Here is the basement shot:


----------



## freddypd (Oct 16, 2012)

I hear whistling. Is that because the liner wasn't sealed? Door gasket? Bad draft? It definitely seems loudest at the top vent.


----------



## mellow (Oct 16, 2012)

Is the fan on?


----------



## raybonz (Oct 16, 2012)

freddypd said:


> I hear whistling. Is that because the liner wasn't sealed? Door gasket? Bad draft? It definitely seems loudest at the top vent.


An air leak in the flue pipe will do that if there is a small leak. If that's the case it's nothing to worry about. Mine does that when I have a strong draft and while it can be prevented by some furnace cement at the joint it doesn't bother me so I leave it alone..

Ray


----------



## firebroad (Oct 16, 2012)

freddypd, that is exactly how mine was installed, right down to the top insulation and the in-box receptacle.  Hope you enjoy yours as much I love mine.  My oil company fired me because I didn't buy enough oil last year!


----------



## freddypd (Oct 17, 2012)

mellow said:


> Is the fan on?


With the fan off I get a whistling sound. Not sure if it is there with  the fan off, since the fan is kinda loud.

How important is it to seal the flue? Should I attempt it? Should I call the installer back?


----------



## raybonz (Oct 17, 2012)

freddypd said:


> With the fan off I get a whistling sound.
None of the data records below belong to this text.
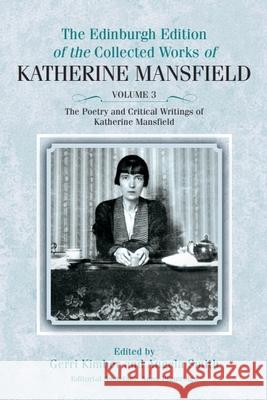 The Poetry and Critical Writings of Katherine Mansfield Gerri Kimber Anna Plumridge Angela Smith 9781399567343 Edinburgh University Press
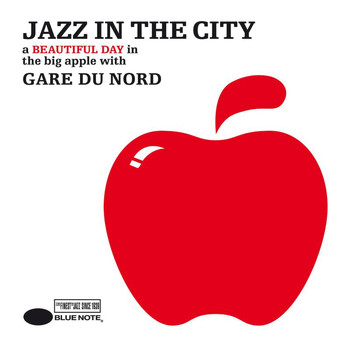 Gare du Nord - Jazz In The City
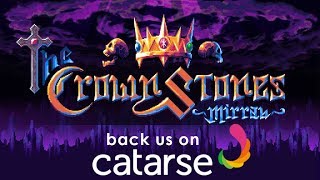 The Crown Stones: Mirrah     Catarse trailer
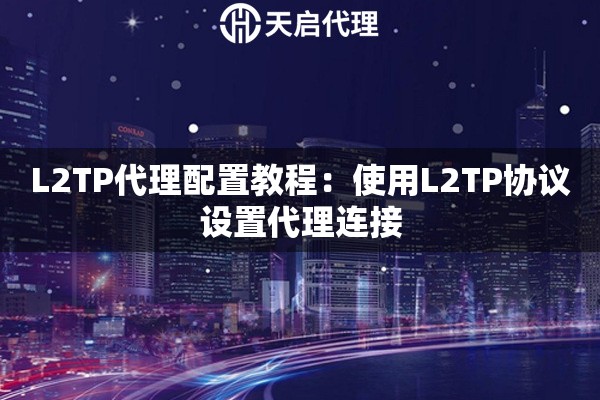 L2TP代理配置教程:使用L2TP协议设置代理连接 L2TP代理配置教程:使用L2TP协议设置代理连接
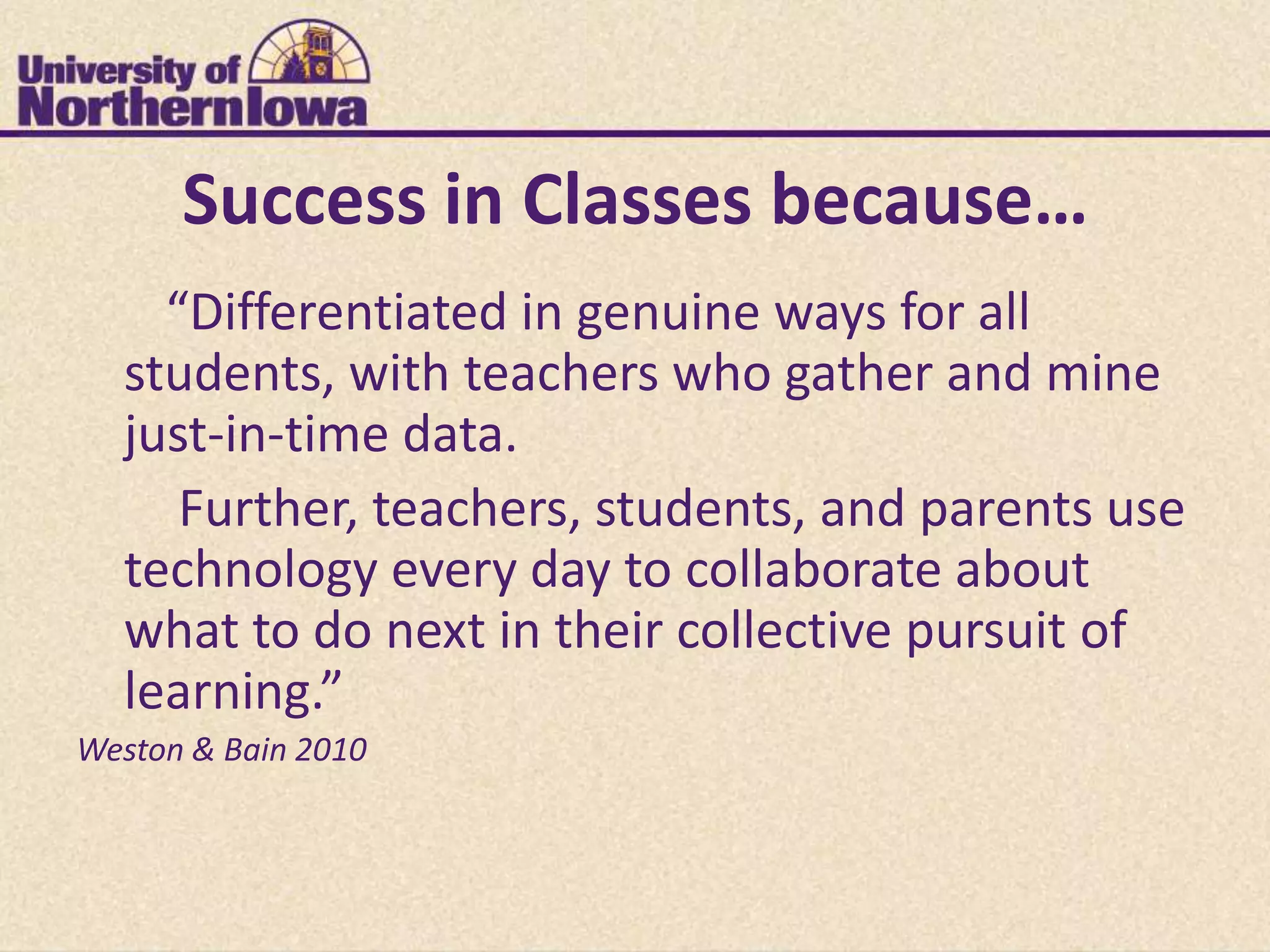 Success in Classes because…
    “Differentiated in genuine ways for all
  students, with teachers who gather and mine
  just-in-time data.
     Further, teachers, students, and parents use
  technology every day to collaborate about
  what to do next in their collective pursuit of
  learning.”
Weston & Bain 2010
 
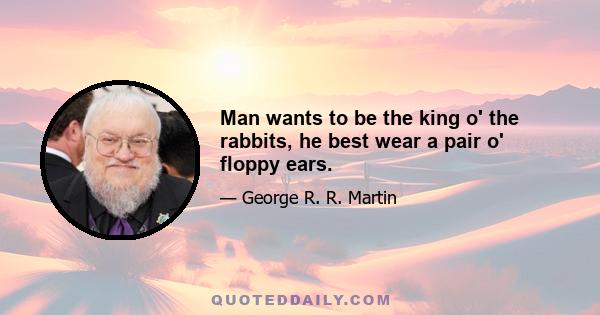 Man wants to be the king o' the rabbits, he best wear a pair o' floppy ears.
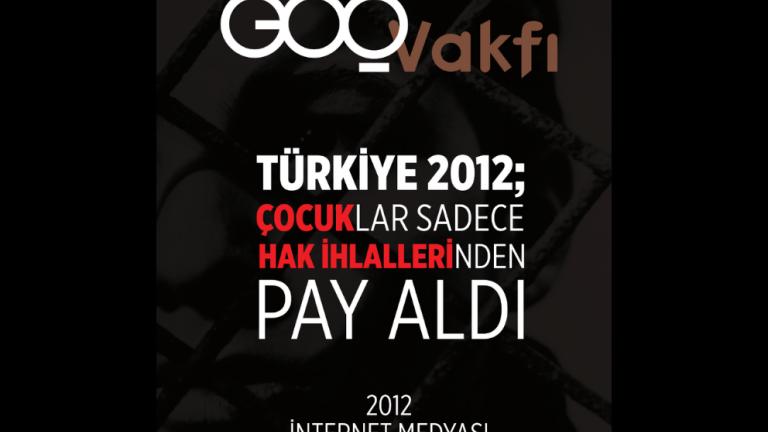 Çocuk Hak İhlali İzleme Raporu 2012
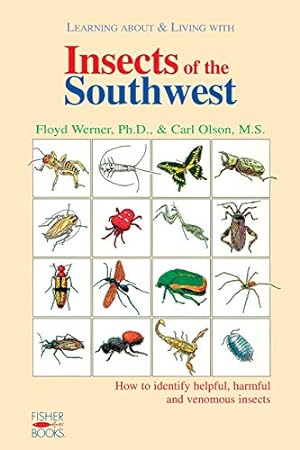 Immagine del venditore per Learning About and Living With Insects of the Southwest: How to Identify Helpful, Harmful and Venomous Insects venduto da -OnTimeBooks-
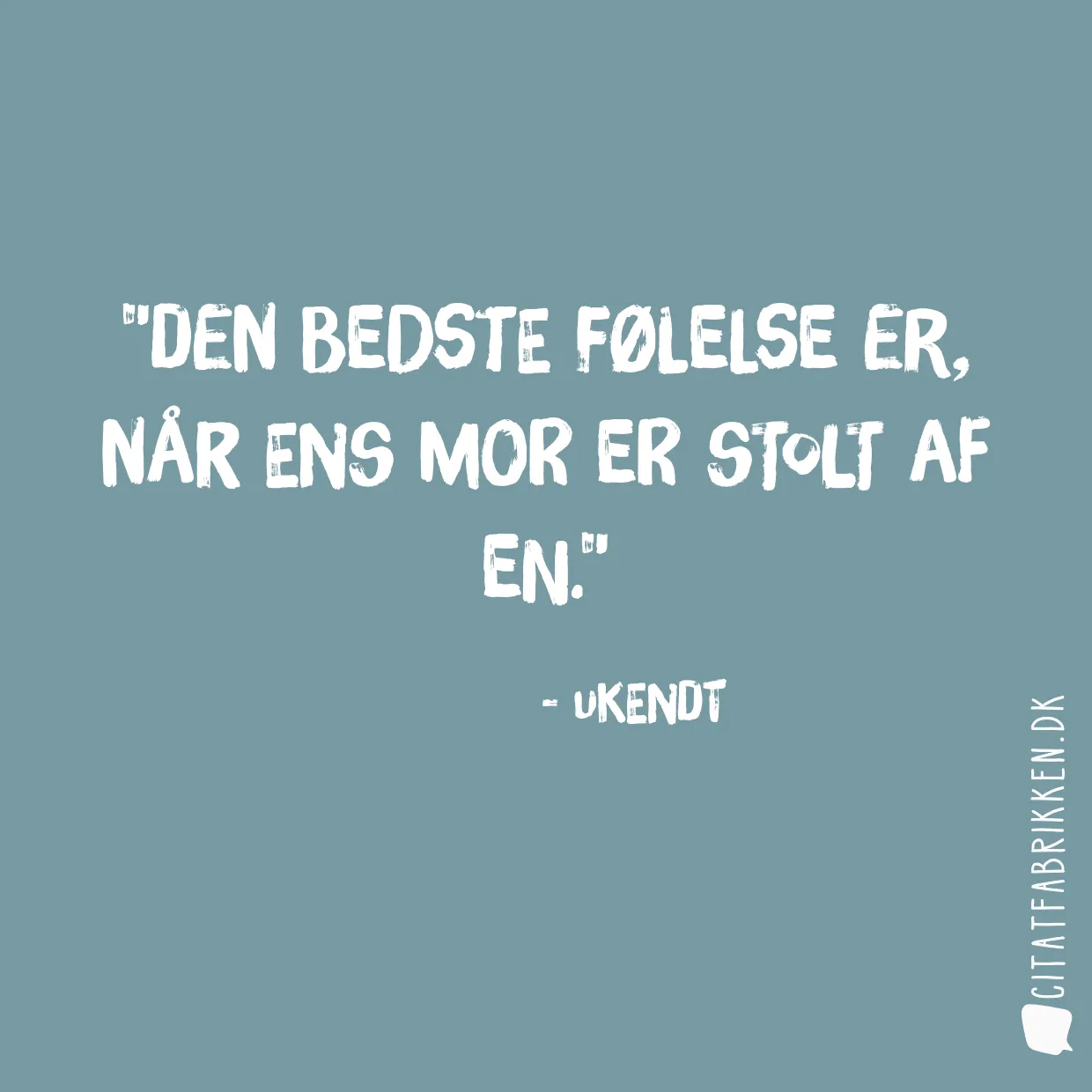 Den bedste følelse er, når ens mor er stolt af en.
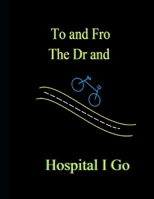 To and Fro the Dr and Hospital I Go B084DGV93T Book Cover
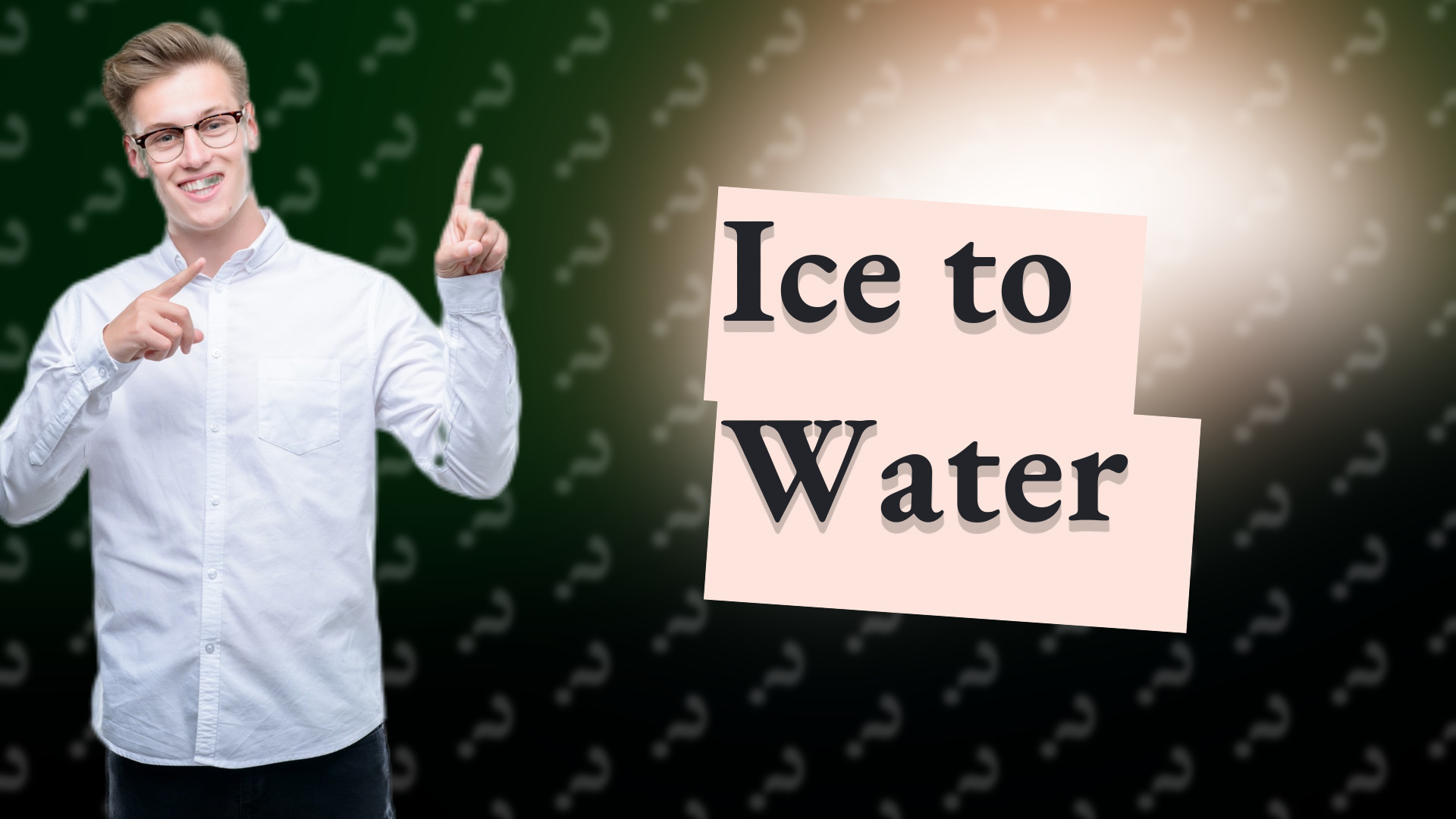 Ice to Water
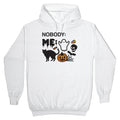 Nobody: Me: HALLOWEEN Hoodie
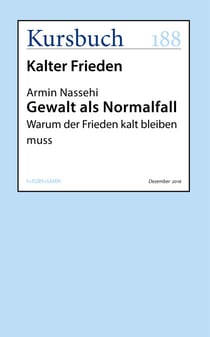 Gewalt als Normalfall - Warum der Frieden kalt bleiben muss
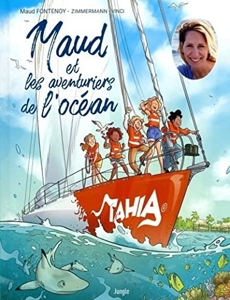 Maud et les aventuriers de l'ocean de Maud Fontenoy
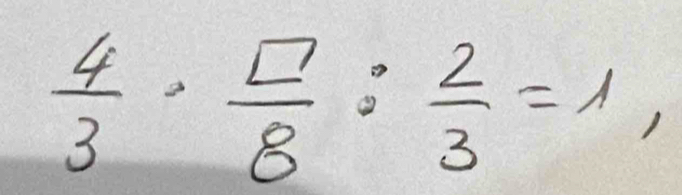  4/3 ·  □ /8 : 2/3 =1,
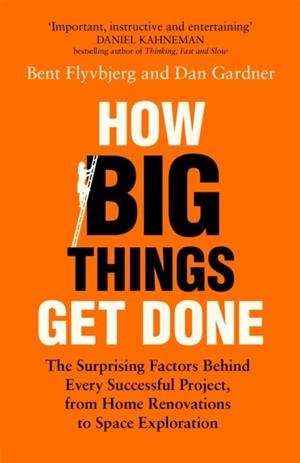 HOW BIG THINGS GET DONE | 9781035018949 | BENT FLYVBJERG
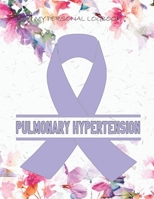 My Personal Logbook: Pulmonary Hypertension - The BIG Pain Diary Manager, Huge 8,5x11, 120 Full Question Pages, Pain Level, Activity, Space for Notes - with the right Awareness Ribbon Color 1089413572 Book Cover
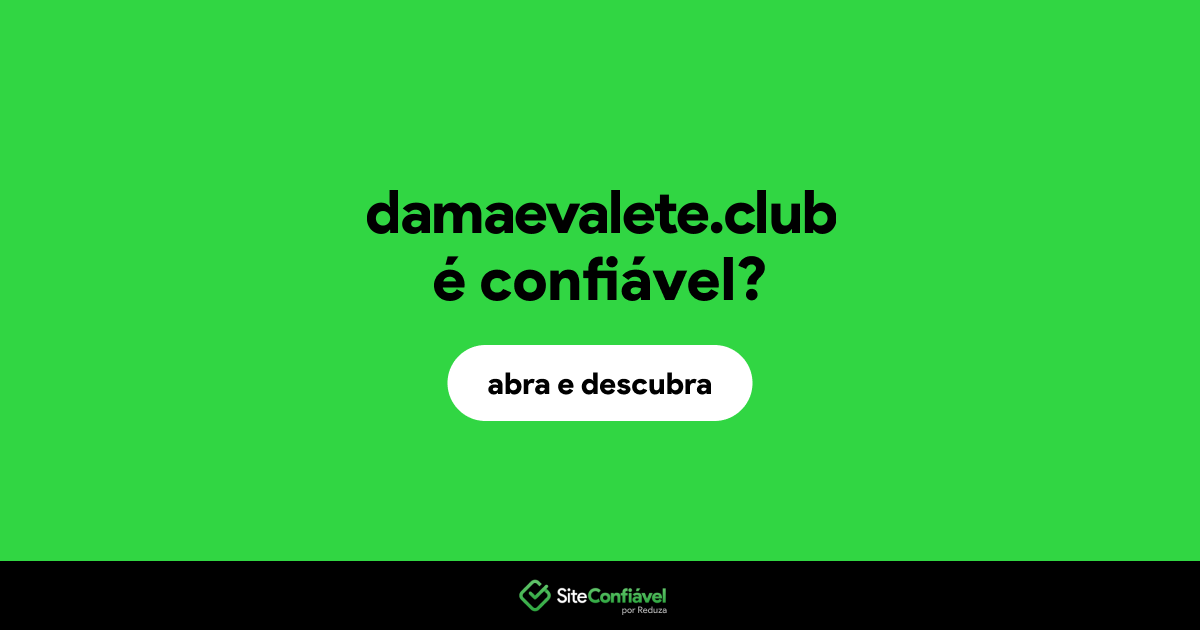 O site damaevalete.club é confiável?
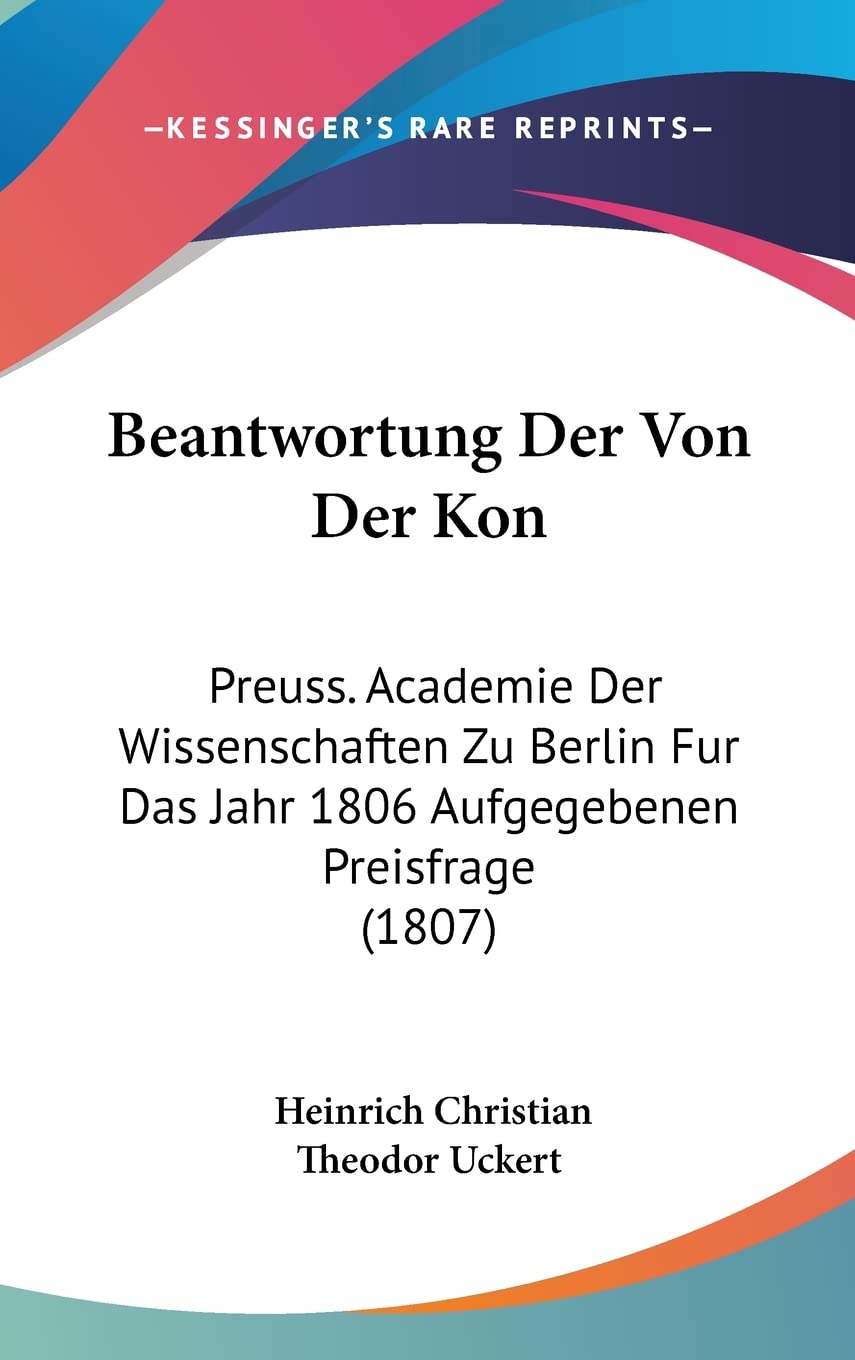 Beantwortung Der Von Der Kon: Preuss. Academie Der Wissenschaften Zu Berlin Fur Das Jahr 1806 Aufgegebenen Preisfrage (1807) Philosophy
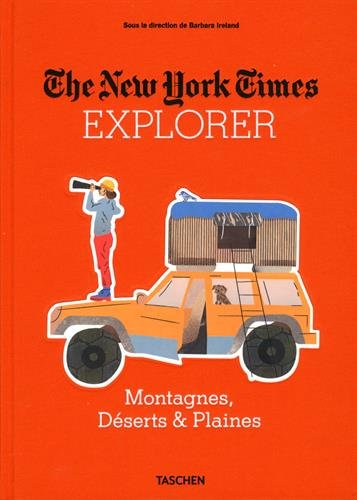 The New York Times explorer : montagnes, déserts & plaines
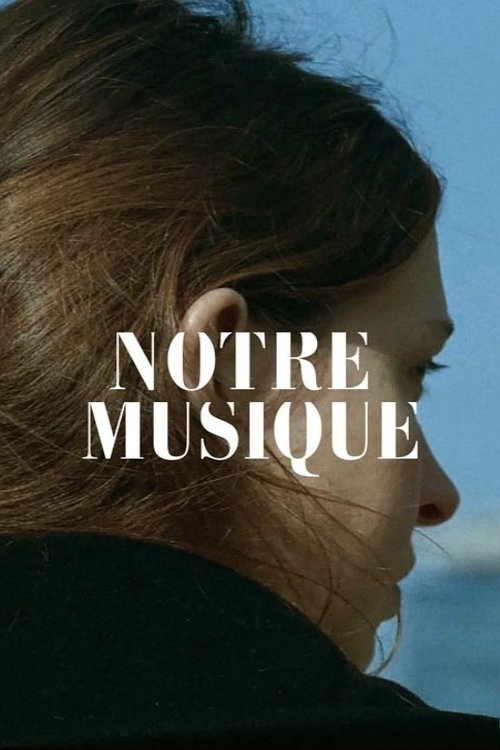 Notre Musique (2004) poster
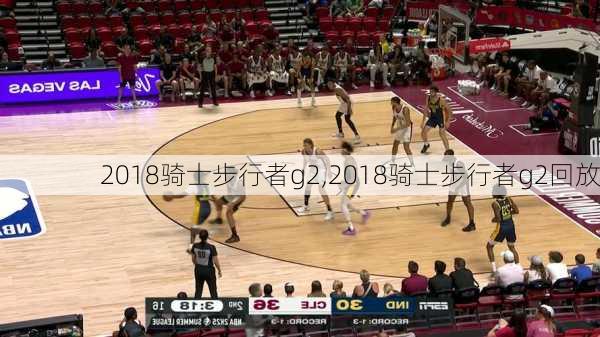 2018骑士步行者g2,2018骑士步行者g2回放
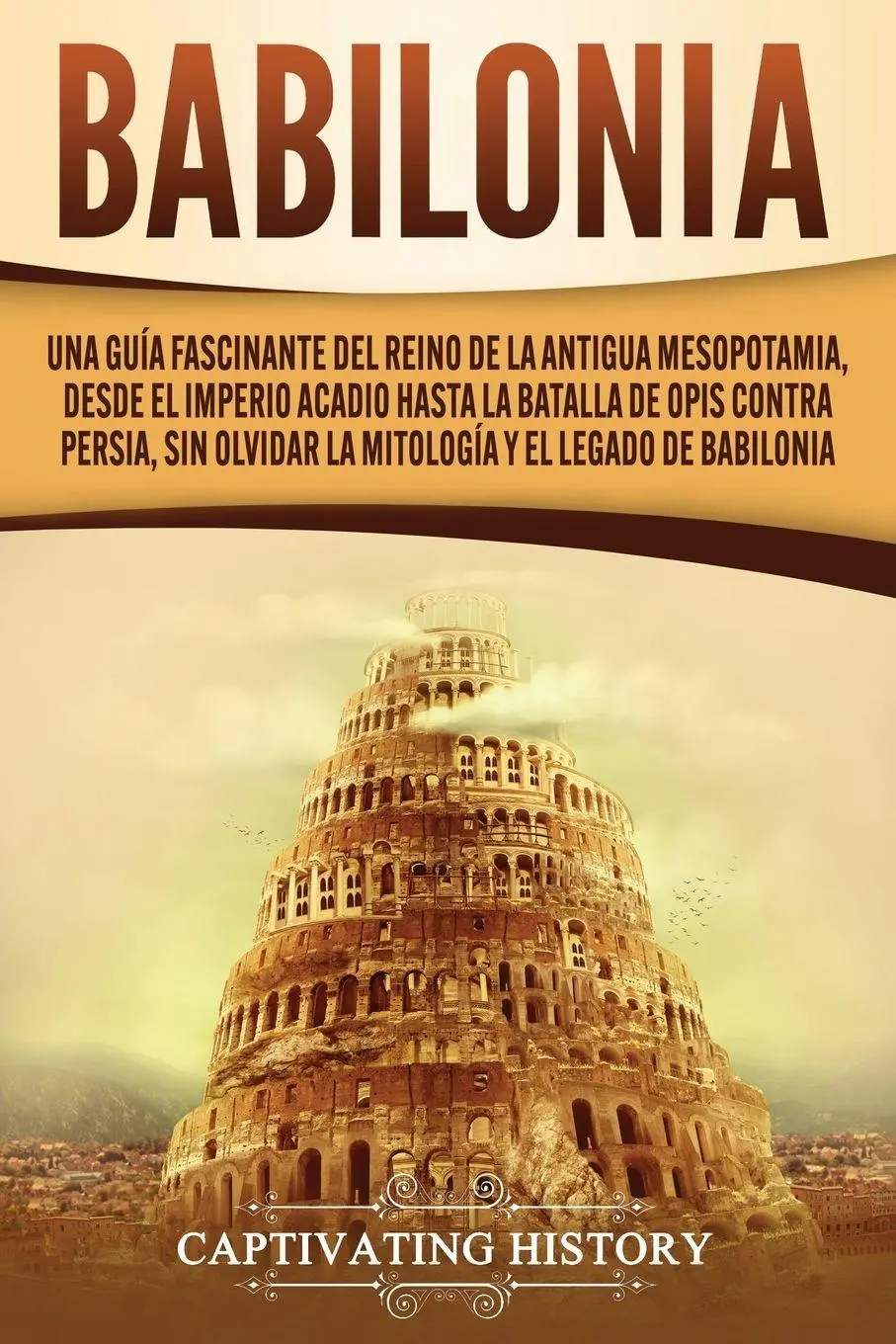 Cover: 9781637161432 | Babilonia | Captivating History | Taschenbuch | Spanisch | 2021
Not sure if it is there with the fan off, since the fan is kinda loud.
> 
> How important is it to seal the flue? Should I attempt it? Should I call the installer back?


Fred when the chimney is hot it creates a pretty strong vacuum and any tiny leak will create the whistling sound. If you're really worried about this seal the pipe joints with furnace cement. Smoke will not enter your home because of the sound you're hearing..

Ray


----------



## etiger2007 (Oct 17, 2012)

Love the install, I too sealed up my appliance connector and ss liner with cement never an issue.   I think I will insulate the top portion of my liner before it gets too cold , how much of yours did he insulate?


----------



## PLAYS WITH FIRE (Oct 17, 2012)

You can do a smoke test with an incense stick or something. If you find a leak somewhere and you are not sure if you can seal it with furnace cement, post pix and they will tell you.


----------



## corey21 (Oct 17, 2012)

Nice work.


----------



## Billybonfire (Oct 17, 2012)

freddypd said:


> I hear whistling. Is that because the liner wasn't sealed? Door gasket? Bad draft? It definitely seems loudest at the top vent.


 
Hi Freddy, thought I would comment as my stove makes a slight whistling sound because it has a strong draft, yours may be similar thing.
Does it whistle when you close the air down ?.
I find it quite useful and use the whistle as an indicator when fully up to temp, closing the air down till whistle is just gone, find this is best setting for those lazy flames 

Great looking fire you got there.

Billy.


----------



## raybonz (Oct 17, 2012)

Yup Bill pretty much what I was attempting to convey here.. I guess when you're new to wood burning you have the fear of the unknown?

Ray


----------



## Puffins (Oct 17, 2012)

Looks great!  We just had this same insert installed last month.  I've burned about 5 nights so far and have had great results - each time an improvement as I get to know the stove.  It got down to mid-30s last night and I stuffed it before bed with large birch and white pine splits at about 11pm.  I shut the intake down completely too.  I woke up at 6:00 and the blower was still going (it shut off about 10 minutes later).  Looking forward to seeing how it does with oak!


----------



## weatherguy (Oct 17, 2012)

Nice looking unit Freddy, one of my favorite inserts lookwise, you should save a ton on oil this year. My BK whistles too because I have a strong draft, the whistle comes from the air intake. If your draft is strong it may be the same thing. I did seal my connection with furnace cement.


----------



## freddypd (Oct 17, 2012)

Billybonfire said:


> Hi Freddy, thought I would comment as my stove makes a slight whistling sound because it has a strong draft, yours may be similar thing.
> Does it whistle when you close the air down ?.
> I find it quite useful and use the whistle as an indicator when fully up to temp, closing the air down till whistle is just gone, find this is best setting for those lazy flames
> 
> ...


I will check the noise tonight with the air down. Strong draft is a good thing right?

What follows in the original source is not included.